— WORK REQUIRED —
Repeat the data exactly, with every line included.

— DATA EXTRACT —
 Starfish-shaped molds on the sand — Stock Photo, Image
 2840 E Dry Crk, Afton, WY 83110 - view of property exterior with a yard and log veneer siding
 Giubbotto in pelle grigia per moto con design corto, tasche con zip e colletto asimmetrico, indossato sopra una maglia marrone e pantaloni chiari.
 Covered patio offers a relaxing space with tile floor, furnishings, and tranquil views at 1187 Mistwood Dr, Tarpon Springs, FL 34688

— THE ANSWER —
 Starfish-shaped molds on the sand — Stock Photo, Image
 2840 E Dry Crk, Afton, WY 83110 - view of property exterior with a yard and log veneer siding
 Giubbotto in pelle grigia per moto con design corto, tasche con zip e colletto asimmetrico, indossato sopra una maglia marrone e pantaloni chiari.
 Covered patio offers a relaxing space with tile floor, furnishings, and tranquil views at 1187 Mistwood Dr, Tarpon Springs, FL 34688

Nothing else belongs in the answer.